» EXCERPTED RECORDS:
==*==
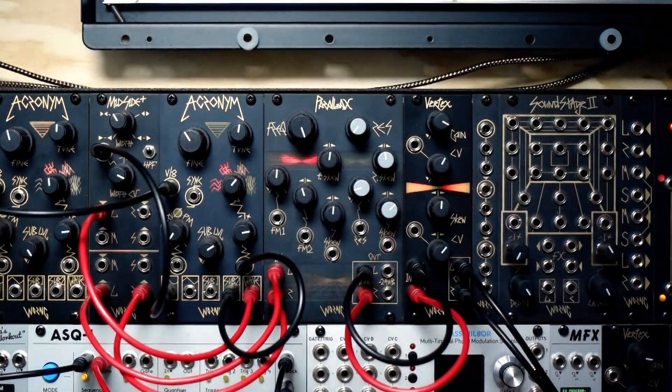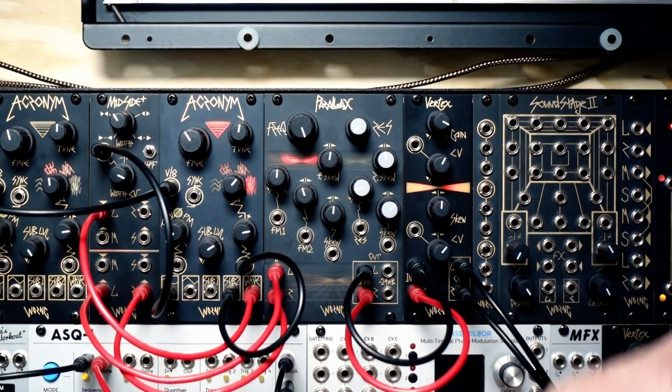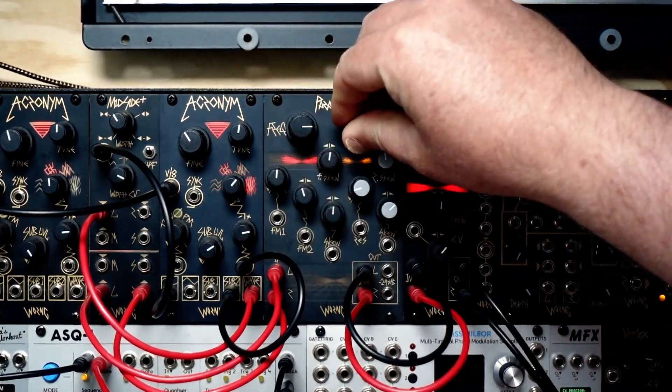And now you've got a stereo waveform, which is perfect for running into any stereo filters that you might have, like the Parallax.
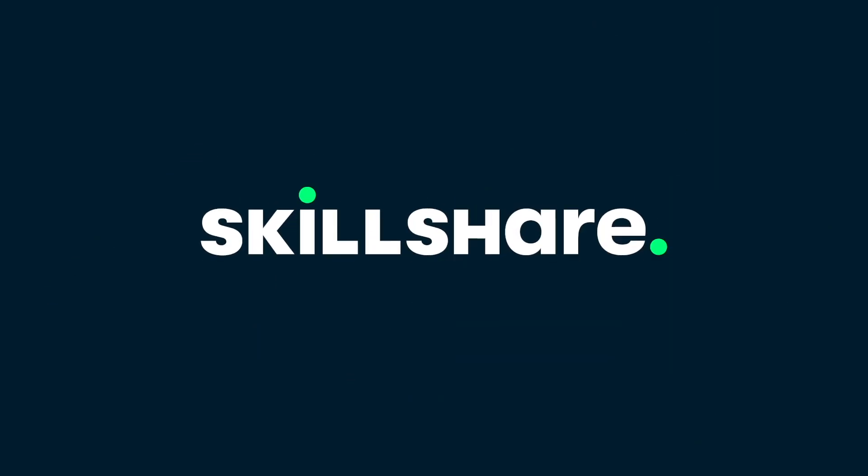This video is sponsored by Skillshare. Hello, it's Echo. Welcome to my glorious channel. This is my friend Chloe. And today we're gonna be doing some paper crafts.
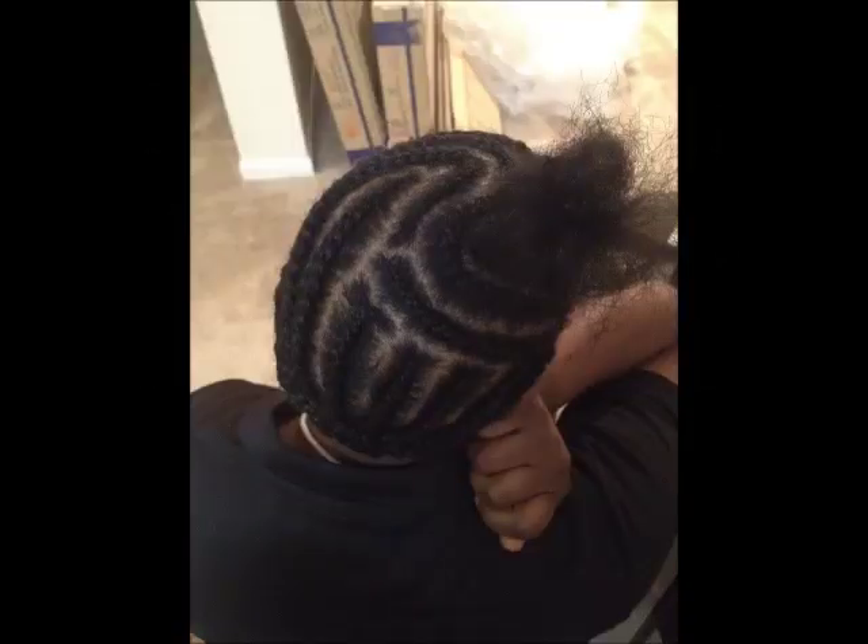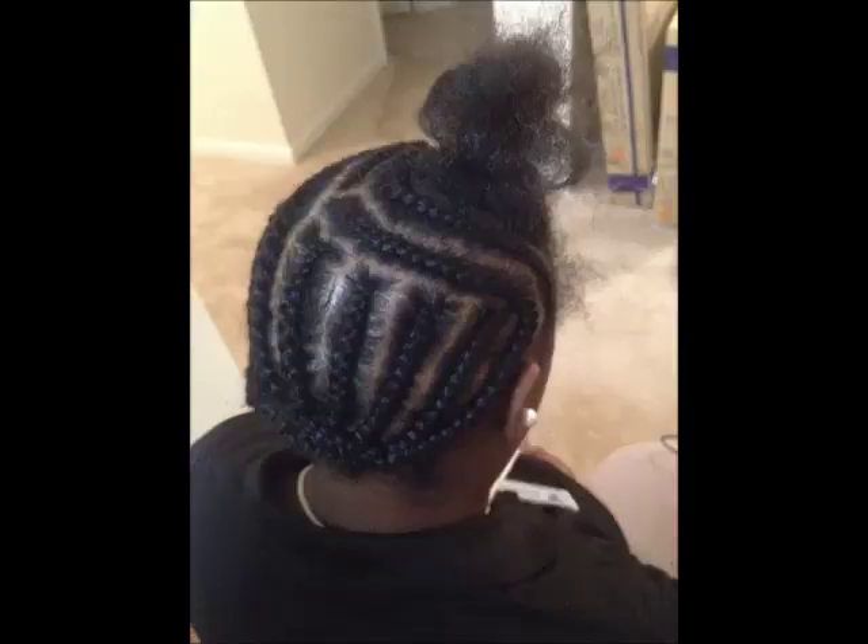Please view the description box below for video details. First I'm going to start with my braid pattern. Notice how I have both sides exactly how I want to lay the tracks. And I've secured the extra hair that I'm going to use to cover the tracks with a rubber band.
==*==
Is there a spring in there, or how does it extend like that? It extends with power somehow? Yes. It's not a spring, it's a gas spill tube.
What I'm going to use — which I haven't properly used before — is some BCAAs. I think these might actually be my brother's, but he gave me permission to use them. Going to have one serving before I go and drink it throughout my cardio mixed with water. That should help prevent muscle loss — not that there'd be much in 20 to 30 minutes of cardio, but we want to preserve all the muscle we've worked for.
==*==
» WHAT YOU ARE ASKED TO DO:
Print an exact copy of the lines above, from the one containing "This video is" through the one containing "Please view the", and leave out the pictures.

» ANSWER SPACE:
This video is sponsored by Skillshare. Hello, it's Echo. Welcome to my glorious channel. This is my friend Chloe. And today we're gonna be doing some paper crafts.
Please view the description box below for video details. First I'm going to start with my braid pattern. Notice how I have both sides exactly how I want to lay the tracks. And I've secured the extra hair that I'm going to use to cover the tracks with a rubber band.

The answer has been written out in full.